Ok, let's do it this way. FYI, I won't have time this week to work on
this. But at least I'll answer on this email briefly.

> I hope I can still ask you guys questions concerning this storage
> allocator? I have some global Idea's and probably need help both on
> design level and implementation.
>
>
> Questions so far:
>
> 1. Is paging the only mechanism to get memory growth under control for
> an rtree? Its the only one I can think of, but maybe there are other
> ways to explore?
>

For the first version I think that our design should be as generic as
possible:
- the Storage concept should be an abstraction of a persistent storage,
just like an Allocator is an abstraction of "directly-accessible" memory.
- the rtree would request something or notify the storage about some
events but it wouldn't have to know anything about the internal
structure, techniques, heuristics, etc.

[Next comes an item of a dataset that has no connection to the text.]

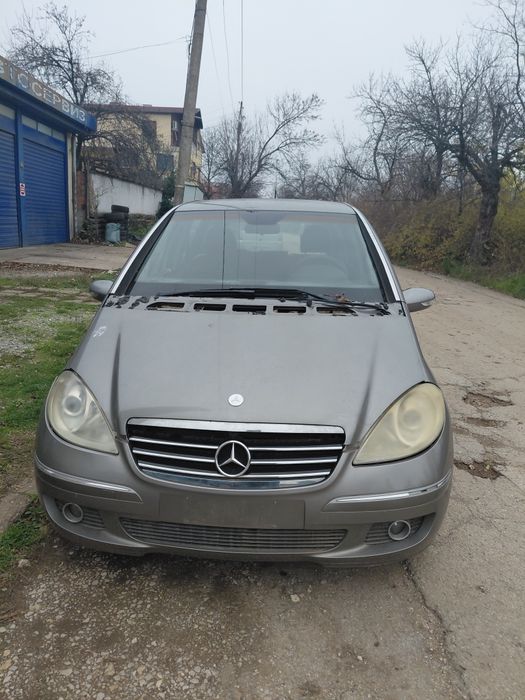 Mercedes A-class W169 180 cdi на части !!!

E.g. the rtree wouldn't know
anything about paging.
- the interfaces should probably be as compact as possible, e.g. as I
said before, I think that in addition to the Allocator's interface we'd
need 2 functions:
   * storage_traits<StorageOrAllocator>::get_pointer(ptr) - notify
the Storage that data pointed by a pointer is needed
   * storage_traits<StorageOrAllocator>::release_pointers() - notify the
Storage that pointers aren't used anymore
- the storage probably shouldn't write the data directly to persistent
part, instead it should keep the modified data cached and then write
them all in one go. It could depend on some heuristic, the Storage could
write changes when release_pointers() was called or it could define
flush() method which could be called explicitly by the user. Still, the
changes of persistent data should be done only if all pointers was
released. At all times the storage could choose to keep the data cached.
It could choose to unload all of the nodes, or only some less frequently
used ones.

Is it reasonable?

>
> 2. Is there any way an rtree can be read-only? Or set read-only after
> (bulk)insert?
>

It could be done either in run- or in compile-time.
The most obvious way would be to throw a run-time exception in the
get_pointer() after some flag (rtree created) was set.
Another possibility could be to disable rtree mutable methods like
insert() and remove() in compile-time if some specific parameters or
Storage/Allocator was passed.
Do you have some specific use-case in mind?

>
> 3. One problem/challenge is how to get and keep region(box)
> coordinates "divided" over the page nodes. At least thats my
> understanding of an (r)tree. You need the region coordinates as fast
> lookup ID to know if a query should "dive" into the page or its sub
> pages or not.
> Crazy idea: Maybe the allocator should manage an rtree of pages with
> references/pointers to the "real" tree nodes?
>
> Questions:
>
> * Is my understanding of data lookup right? So coordinates determine
> the location of the data inside the RTree?
> * If this is true does this then mean that all Pages (Loaded or
> unloaded) must be known including its region coordinates?
> * This in order to get/keep the tree balanced and know which page
> must be loaded (by coordinate query)?
>

Each node internal node (in a classic R-tree) is a container of (Box,
Ptr) pairs. During any traversal (insert, query, etc.) the rtree
probably should load the whole node to have access to all of the Boxes
of children regions. AFAIR all traversing algorithms access all Boxes.
Then it chooses which children should be traversed and it traverses into
the next level using the corresponding pointers.

>
> Lets discuss the different actions an storage allocator can/must handle:
>
> * Load in Page data on request by RTree
> o "Load" can mean anything: From File, From DB, From
> MessageQueue,...
>
So the load would potentially be done in the call to get_pointer().
AFAIU the Storage would have to check if the underlying data (identified
by Ptr storing some ID or handle) isn't already loaded/cached. If it was
it'd just return the Ptr, if not then it'd:
- load a file,
- (maybe somewhere cache the raw file),
- create a node from loaded data and keep it,
- return the pointer.

So in my scenario (release_pointers()) it'd have to keep some container
of returned pointers and when release_pointers(), flush() was called
then just iterate over them and save changed nodes or create new pages,
etc. It should probably also be possible to search the specific pointer
in this container, so it should probably be map or unordered_map, or
sorted vector, etc. Or do you have other ideas?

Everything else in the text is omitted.